→ **TRY IT**: Repeat word for word the opening stretch of the entries, from the first line through the line containing "Supreme Cdg box logo".

→ **INFORMATION GIVEN**:
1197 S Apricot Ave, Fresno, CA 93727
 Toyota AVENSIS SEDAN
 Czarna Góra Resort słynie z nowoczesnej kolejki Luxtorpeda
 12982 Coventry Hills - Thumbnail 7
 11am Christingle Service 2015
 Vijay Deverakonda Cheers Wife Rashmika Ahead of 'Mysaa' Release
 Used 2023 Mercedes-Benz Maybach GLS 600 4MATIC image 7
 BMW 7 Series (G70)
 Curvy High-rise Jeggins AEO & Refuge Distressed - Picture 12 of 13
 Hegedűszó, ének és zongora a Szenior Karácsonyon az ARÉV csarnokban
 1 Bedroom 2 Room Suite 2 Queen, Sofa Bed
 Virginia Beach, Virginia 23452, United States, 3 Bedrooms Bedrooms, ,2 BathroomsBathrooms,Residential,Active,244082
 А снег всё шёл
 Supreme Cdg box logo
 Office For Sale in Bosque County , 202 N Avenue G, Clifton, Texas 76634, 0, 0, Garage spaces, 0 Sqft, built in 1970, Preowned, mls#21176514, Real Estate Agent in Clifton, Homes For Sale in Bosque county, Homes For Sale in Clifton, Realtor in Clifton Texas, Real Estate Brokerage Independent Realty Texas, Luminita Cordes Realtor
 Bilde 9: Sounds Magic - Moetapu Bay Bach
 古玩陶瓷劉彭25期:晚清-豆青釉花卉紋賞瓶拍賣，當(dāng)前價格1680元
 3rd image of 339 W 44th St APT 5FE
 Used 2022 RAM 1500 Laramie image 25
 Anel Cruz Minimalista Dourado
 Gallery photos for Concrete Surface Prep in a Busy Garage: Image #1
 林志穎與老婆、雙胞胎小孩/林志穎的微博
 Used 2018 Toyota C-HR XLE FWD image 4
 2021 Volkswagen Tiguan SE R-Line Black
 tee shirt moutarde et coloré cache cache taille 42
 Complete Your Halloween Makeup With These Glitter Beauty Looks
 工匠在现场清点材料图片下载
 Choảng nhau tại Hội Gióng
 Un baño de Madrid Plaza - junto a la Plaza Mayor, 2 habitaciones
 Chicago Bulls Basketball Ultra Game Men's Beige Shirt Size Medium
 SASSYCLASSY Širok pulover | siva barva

→ **RESPONSE AREA**:
1197 S Apricot Ave, Fresno, CA 93727
 Toyota AVENSIS SEDAN
 Czarna Góra Resort słynie z nowoczesnej kolejki Luxtorpeda
 12982 Coventry Hills - Thumbnail 7
 11am Christingle Service 2015
 Vijay Deverakonda Cheers Wife Rashmika Ahead of 'Mysaa' Release
 Used 2023 Mercedes-Benz Maybach GLS 600 4MATIC image 7
 BMW 7 Series (G70)
 Curvy High-rise Jeggins AEO & Refuge Distressed - Picture 12 of 13
 Hegedűszó, ének és zongora a Szenior Karácsonyon az ARÉV csarnokban
 1 Bedroom 2 Room Suite 2 Queen, Sofa Bed
 Virginia Beach, Virginia 23452, United States, 3 Bedrooms Bedrooms, ,2 BathroomsBathrooms,Residential,Active,244082
 А снег всё шёл
 Supreme Cdg box logo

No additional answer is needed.